## What you should do
For this exercise, please transcribe exactly and only the lines from the one containing "Tubo de escape honda" through the end of the material, both ends included, without pictures.

## Given material

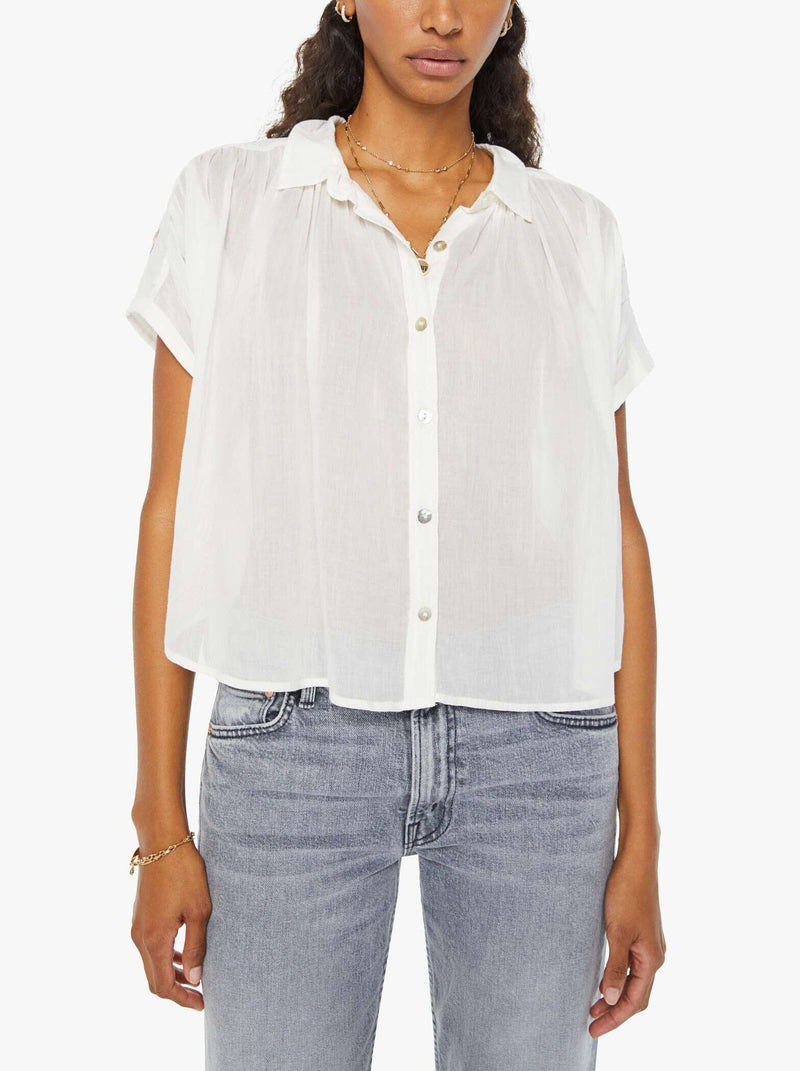 The Gather It Up Top-Tops/Blouses-Uniquities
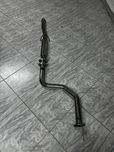 Tubo de escape honda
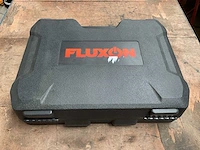 Fluxon idc13mb2 schroefklopboormachine - afbeelding 9 van  9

## Written answer
 Tubo de escape honda
 Fluxon idc13mb2 schroefklopboormachine - afbeelding 9 van  9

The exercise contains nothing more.